Within these dense clouds of glowing gas, stars come to life. But this is simply the first part of a star's life story...

A star spends its existence in careful balance. The force of gravity pulls a star's mass inward, the substantial weight of its outer layers bearing down on its dense core. Inside the star's core, however, the creation of energy helps support the star's weight. The energy source that powers the star and causes it to shine also keeps its mass from falling inward.

This balance cannot last forever. Eventually, the star exhausts its energy reserves and dies. We see many examples of stars that have reached the ends of their lives... The outer layers of the star create elegant structures, nebulas nicknamed "Cat's Eye" and "Hourglass," among others.

Our Sun will meet a similar end. In another five billion years or so, the Sun will run out of the thermonuclear fuel that supplies its light and heat, and it too may end in a brilliant nebula.

Stars more massive than our Sun meet more violent ends. They burn through their energy reserves quickly, perhaps surviving only a few million years instead of a few billion. And when they run out of fuel, their collapse occurs quickly as well -- in an event we call a supernova.

To understand what happens in a supernova, we need to observe a star from the inside. Layer upon layer within this star remain from its many stages of fuel burning. As we approach the star's core, we near the region where heavy atoms are crushed together.

The process of fusing atoms can no longer support the weight of the star. The core collapses.

As soon as the core collapses, mass begins falling inward. But the infalling mass bounces off the dense core -- creating a shock wave. The shock wave rips through the star's outer layers.

The intricate structures created in a supernova take shape almost instantly on astronomical time scales, over merely hundreds or thousands of years.

Conclusion
People have actually witnessed a star die in a supernova... Nearly a thousand years ago, in the year 1066, people across the globe, from China to New Mexico observed a bright star make a sudden appearance in the constellation Taurus, near Orion -- a star in its death throes, the remains of which we can observe with our telescopes.
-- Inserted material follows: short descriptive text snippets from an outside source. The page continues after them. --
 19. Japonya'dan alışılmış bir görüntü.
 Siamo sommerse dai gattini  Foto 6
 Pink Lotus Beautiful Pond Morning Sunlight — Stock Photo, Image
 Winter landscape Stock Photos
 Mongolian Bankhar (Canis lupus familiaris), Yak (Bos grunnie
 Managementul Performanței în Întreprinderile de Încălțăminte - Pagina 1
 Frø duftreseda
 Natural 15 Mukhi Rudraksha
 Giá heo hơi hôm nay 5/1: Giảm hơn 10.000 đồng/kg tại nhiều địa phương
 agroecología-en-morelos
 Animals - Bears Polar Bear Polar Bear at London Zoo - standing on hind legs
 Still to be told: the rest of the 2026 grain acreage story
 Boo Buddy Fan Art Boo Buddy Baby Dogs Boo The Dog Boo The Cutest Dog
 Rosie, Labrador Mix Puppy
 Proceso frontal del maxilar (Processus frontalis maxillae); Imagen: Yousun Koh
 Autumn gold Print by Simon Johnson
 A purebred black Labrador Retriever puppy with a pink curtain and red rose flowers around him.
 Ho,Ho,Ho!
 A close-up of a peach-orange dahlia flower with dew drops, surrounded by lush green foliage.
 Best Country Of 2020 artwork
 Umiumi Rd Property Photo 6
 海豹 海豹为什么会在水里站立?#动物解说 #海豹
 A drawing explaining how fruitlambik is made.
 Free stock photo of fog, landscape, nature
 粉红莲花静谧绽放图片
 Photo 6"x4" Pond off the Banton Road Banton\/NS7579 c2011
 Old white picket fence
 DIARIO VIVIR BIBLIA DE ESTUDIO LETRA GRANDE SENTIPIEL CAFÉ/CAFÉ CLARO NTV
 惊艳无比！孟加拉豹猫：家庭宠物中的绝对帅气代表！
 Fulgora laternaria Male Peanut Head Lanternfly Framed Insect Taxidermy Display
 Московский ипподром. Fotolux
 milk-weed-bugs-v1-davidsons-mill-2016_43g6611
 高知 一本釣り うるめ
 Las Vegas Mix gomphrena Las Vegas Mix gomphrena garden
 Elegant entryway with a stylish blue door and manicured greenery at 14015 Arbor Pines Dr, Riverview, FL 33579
We see a universe in the process of becoming. Although our brief lives afford only a fleeting glimpse of the activity in our universe, we have pieced together stories of transformation taking place unimaginably far away.

When we gaze at the night sky, we see the same stars our ancestors saw -- the same night sky that inspired people thousands of years ago inspires us today. But our perspective has changed. With its tools and telescopes, modern astronomy has captured the sky and brought it closer to Earth.

Now, even as we lose the subtleties of the night sky to our city lights and after-hours distractions, we bring the stars inside... Onto a dome, into our minds, as we begin to comprehend our universe of constant change.